There were significant associations with the risk of RA at six genetic markers and their associated risk alleles (*G, *A, *T, *G, *A, and *T). The TTG haplotype at the VDR locus increased the risk of RA with an OR of 3.05 (CI 1.33-6.98, = 0.009). The GA haplotype of -α-308 was a significant contributor to the risk of RA in this population (OR = 2.77, CI 1.23-6.28, = 0.01), although linkage disequilibrium was low. The polygenic risk score was significantly higher in cases over controls in both unweighted (mean difference = 1.48, t = 5.387, < 0.001) and weighted (mean difference = 2.75, t = 6.437, < 0.001) results.

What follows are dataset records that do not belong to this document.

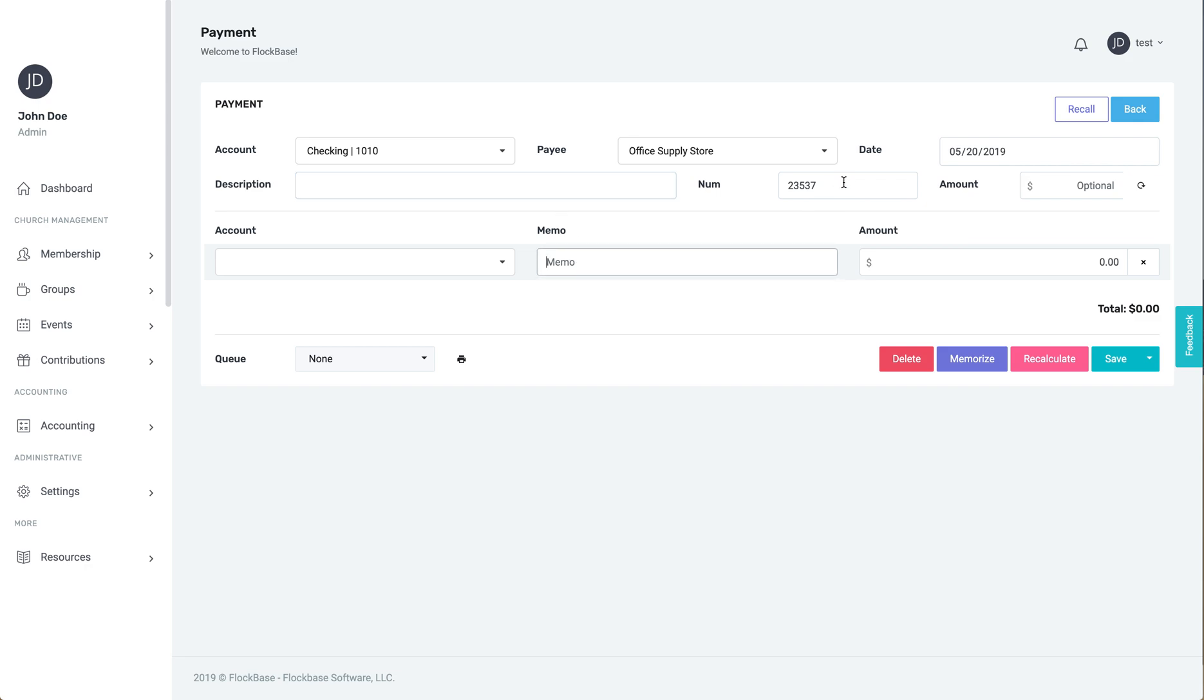After that, put in the number. If it is a check, use the check number. If it is a card payment, you can use CC or DB to represent a credit or debit card.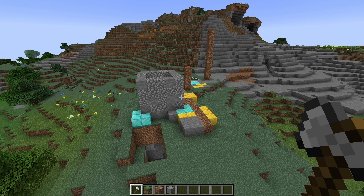Hey everybody! Ray here again, and welcome to devlog episode 2 on my Minecraft map editing and terraforming plugin called WorldShaper.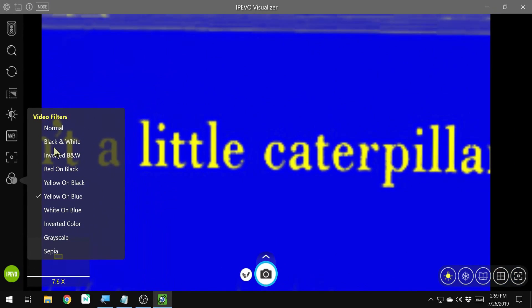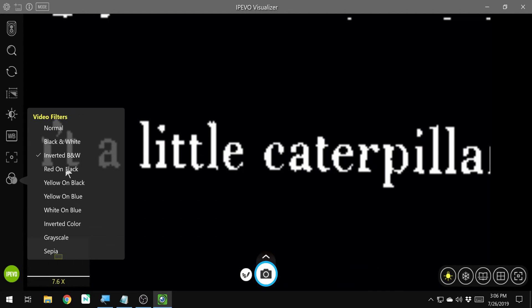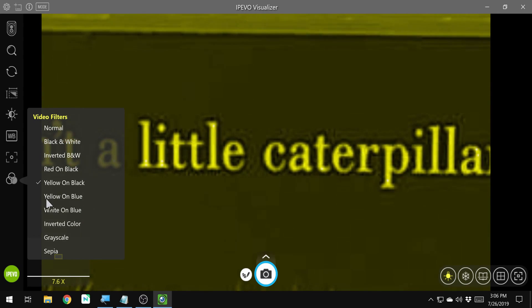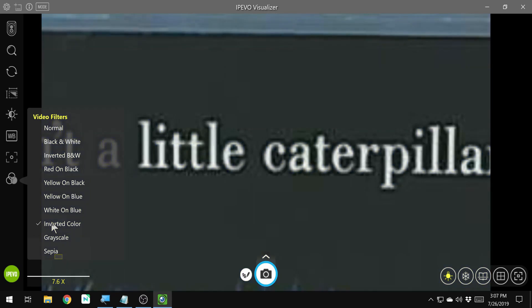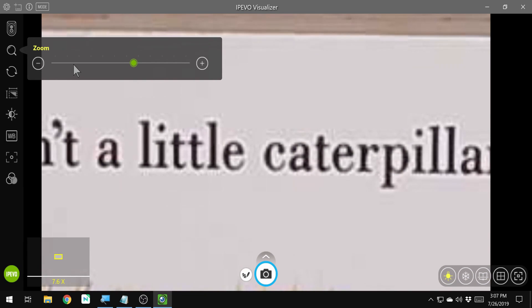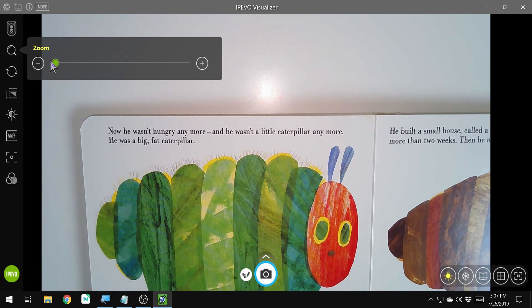Let's just go through them. We have normal, black on white — there are a few video anomalies there, definitely something to take note of — white on black, red on black, yellow on black, yellow on blue, white on blue, inverted color, grayscale, and sepia. So those are the different color filters and color schemes. If you prefer reading in a different color, you have that option.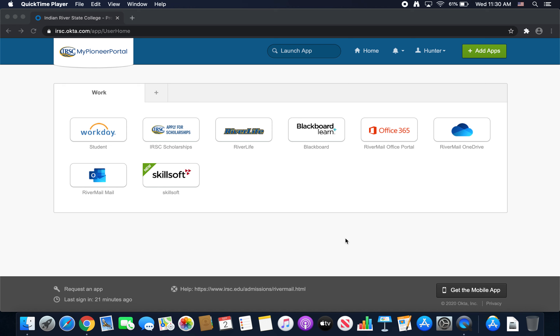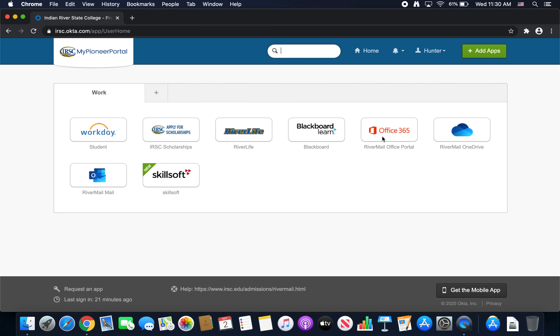Here's how to install Office 365. First, you log into My Pioneer Portal, and then from there you click River Mail Office Portal.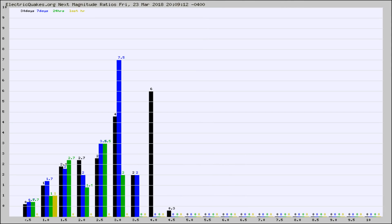And now you're seeing the same thing for just the subset area in California. The black column is 30 days, blue is 7, green is 24 hours, and gold is the last hour. Any ratios out of whack will show up as a red column, and may indicate a new earthquake might occur at the higher next magnitude.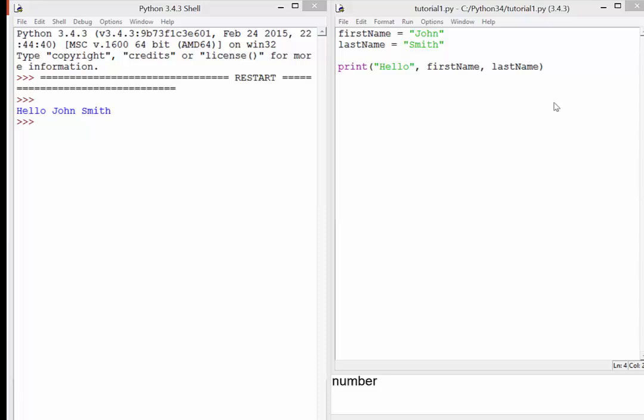Okay, so in this video what we're going to do is look at how we can take input into a program, do something with it, and then output the result.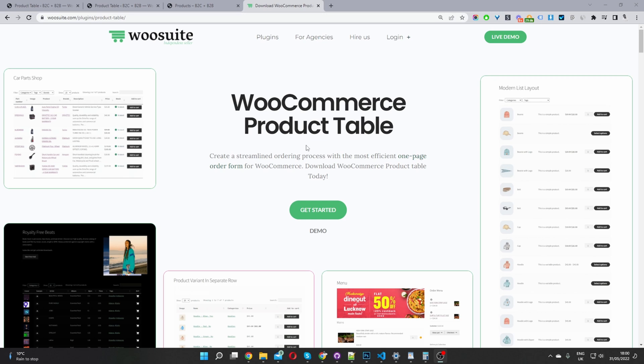The first step is to head over to woosuite.com and go ahead and download the WooCommerce product table plugin. I'll leave the link in the description below. Once you've done so, let's head back over to our dashboard.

Several genetic loci contribute to the increased risk of RA in the British White sample. The PRS is significantly higher in those with RA and can be used for clinical applications and personalised prevention of disease.
类风湿关节炎(RA)是一种复杂的自身免疫性疾病,会对滑膜关节造成负面影响,导致患者运动和活动能力下降。这种慢性疾病被认为具有很强的遗传遗传,全基因组关联研究(GWAS)强调了许多与疾病相关的遗传位点。此外,许多混杂和非遗传因素也会增加患病风险。
本研究调查了选定的遗传多态性与类风湿关节炎风险的关联,并基于选定的基因开发了多基因风险评分(PRS)。
一项病例对照研究从英国东米德兰兹地区招募了完全同意的参与者。对一系列多态性进行 DNA 分型,并在几种遗传模型下计算遗传关联。在未加权(未加权)和加权水平计算 PRS,并确定其与临床参数的关联。
在六个遗传标记物及其相关风险等位基因(*G、*A、*T、*G、A 和T)上与 RA 风险存在显著关联。VDR 基因座的 TTG 单倍型增加了 RA 的风险,OR 值为 3.05(CI 1.33-6.98, = 0.009)。-α-308 的 GA 单倍型是该人群中 RA 发病的重要因素(OR = 2.77,CI 1.23-6.28, = 0.01),尽管连锁不平衡程度较低。在未加权(平均值差异= 1.48,t = 5.387, < 0.001)和加权(平均值差异= 2.75,t = 6.437, < 0.001)结果中,病例组的多基因风险评分均明显高于对照组。
在英国白人样本中,多个遗传位点增加了 RA 的患病风险。RA 患者的 PRS 明显更高,可用于临床应用和疾病的个体化预防。